Sega Fave Corporation
- Native name: 株式会社セガ フェイブ
- Romanized name: Kabushiki gaisha Sega Feibu
- Formerly: S'Pal Co., Ltd. (1991-1994); Sega-Yonezawa, Inc. (1994–1998); Sega Toys Co., Ltd. (1998–2024);
- Type: Subsidiary
- Industry: Toys; Arcade games;
- Predecessors: Yonezawa Toys; Sega Interactive;
- Founded: February 1991; 35 years ago
- Headquarters: Nishi-Shinagawa, Shinagawa, Tokyo, Japan
- Area served: Worldwide
- Key people: Yukio Sugino [ja] (president, Representative Director); Taketo Oshima (Executive Vice President, Director of the Board); Naoko Miyazaki (Executive Vice President, Director of the Board);
- Products: Arcade games; Arcade systems; Toys;
- Revenue: ¥100 million
- Number of employees: 859
- Parent: Sega
- Subsidiaries: Dartslive Sega Logistics Services Sega Toys (HK) Co., Ltd.
- Website: segafave.co.jp

= Sega Fave =

Japanese toy and video game company owned by Sega Corporation

 previously known as Sega Toys Co., Ltd. until 2024, is a Japanese toy and arcade company which is a wholly owned subsidiary of Sega Sammy Holdings. The company was founded when Yonezawa Toys, Japan's largest post-war toy manufacturer, was absorbed into Sega in 1991 as Sega-Yonezawa.

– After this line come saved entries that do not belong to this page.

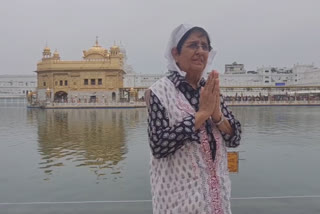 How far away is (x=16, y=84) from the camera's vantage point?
80312 millimetres

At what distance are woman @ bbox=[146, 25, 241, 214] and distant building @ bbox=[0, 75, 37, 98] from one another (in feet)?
273

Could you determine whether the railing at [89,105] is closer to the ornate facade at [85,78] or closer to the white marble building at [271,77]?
the ornate facade at [85,78]

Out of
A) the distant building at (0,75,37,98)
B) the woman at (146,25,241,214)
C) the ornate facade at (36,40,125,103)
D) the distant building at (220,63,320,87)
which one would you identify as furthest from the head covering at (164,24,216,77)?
the distant building at (0,75,37,98)

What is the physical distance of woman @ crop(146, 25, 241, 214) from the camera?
1.64 meters

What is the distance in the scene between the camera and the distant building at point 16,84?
261ft

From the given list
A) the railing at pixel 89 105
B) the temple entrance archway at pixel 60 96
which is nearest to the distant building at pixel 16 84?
the temple entrance archway at pixel 60 96

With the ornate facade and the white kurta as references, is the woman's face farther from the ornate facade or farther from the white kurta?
the ornate facade

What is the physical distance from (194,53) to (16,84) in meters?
84.9

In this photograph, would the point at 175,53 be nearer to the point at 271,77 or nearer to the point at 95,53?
the point at 95,53

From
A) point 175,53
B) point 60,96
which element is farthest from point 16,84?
point 175,53

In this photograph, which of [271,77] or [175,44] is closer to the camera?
[175,44]

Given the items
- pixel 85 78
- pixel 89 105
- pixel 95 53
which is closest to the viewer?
pixel 89 105

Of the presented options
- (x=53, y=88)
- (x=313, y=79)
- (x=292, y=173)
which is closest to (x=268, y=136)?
(x=292, y=173)

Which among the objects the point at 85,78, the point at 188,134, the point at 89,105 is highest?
the point at 85,78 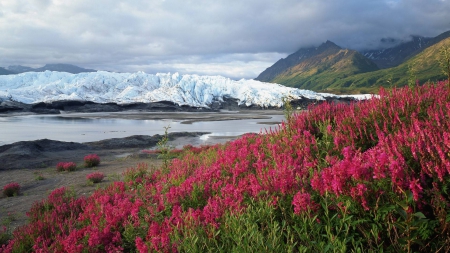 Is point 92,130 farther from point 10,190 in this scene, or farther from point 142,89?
point 142,89

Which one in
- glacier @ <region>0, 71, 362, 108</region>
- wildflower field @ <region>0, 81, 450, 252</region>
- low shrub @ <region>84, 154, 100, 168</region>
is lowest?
low shrub @ <region>84, 154, 100, 168</region>

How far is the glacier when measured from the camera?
Answer: 110812 mm

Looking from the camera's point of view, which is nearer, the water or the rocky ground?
the rocky ground

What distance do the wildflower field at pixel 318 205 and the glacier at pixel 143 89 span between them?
335 ft

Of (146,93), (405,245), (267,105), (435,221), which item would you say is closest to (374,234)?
(405,245)

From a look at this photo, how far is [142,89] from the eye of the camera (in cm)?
13388

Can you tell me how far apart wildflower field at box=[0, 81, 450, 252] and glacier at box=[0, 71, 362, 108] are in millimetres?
102213

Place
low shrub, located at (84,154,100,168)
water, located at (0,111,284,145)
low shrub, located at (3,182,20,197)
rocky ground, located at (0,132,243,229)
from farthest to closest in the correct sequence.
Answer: water, located at (0,111,284,145)
low shrub, located at (84,154,100,168)
low shrub, located at (3,182,20,197)
rocky ground, located at (0,132,243,229)

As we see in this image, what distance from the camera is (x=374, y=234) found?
267 centimetres

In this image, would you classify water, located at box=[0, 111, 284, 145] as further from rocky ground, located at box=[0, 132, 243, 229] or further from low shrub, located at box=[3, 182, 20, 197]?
low shrub, located at box=[3, 182, 20, 197]

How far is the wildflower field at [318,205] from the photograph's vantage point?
268 cm

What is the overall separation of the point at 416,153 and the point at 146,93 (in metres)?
130

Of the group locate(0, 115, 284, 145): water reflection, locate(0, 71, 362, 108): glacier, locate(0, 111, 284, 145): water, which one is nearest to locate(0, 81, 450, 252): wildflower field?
locate(0, 111, 284, 145): water

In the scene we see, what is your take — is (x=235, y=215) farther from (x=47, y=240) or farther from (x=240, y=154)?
(x=47, y=240) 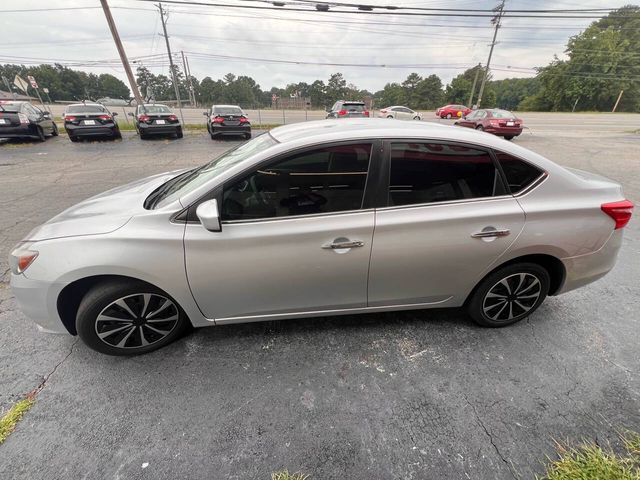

Sega Toys have created toys for children's franchises such as Oshare Majo: Love and Berry, Mushiking: King of the Beetles, Lilpri, Bakugan, Jewelpet, Rilu Rilu Fairilu, Dinosaur King, and Hero Bank. Products by Sega Toys released in the West include the Homestar and the iDog. Sega Toys also inherited the Sega Pico edutainment system and produced software for the console.

As part of a restructuring plan in 2024, Sega Toys took over Sega's amusement machine business (including development and sales of arcade games) and renamed to its current name, Sega Fave. This was the first time since Sega Interactive in 2015, that Sega's amusement machine businesses was represented by a separate company.

== History ==

Logo until 1986

Yonezawa Toys (Yonezawa Gangu) (known also as Yone or simply Y) was founded in the 1950s in Tokyo. It was one of Japan's largest and most prodigious post-war toy manufacturers and an early participant in the growing radio control market. It is a former subsidiary of Union Carbide as toy division.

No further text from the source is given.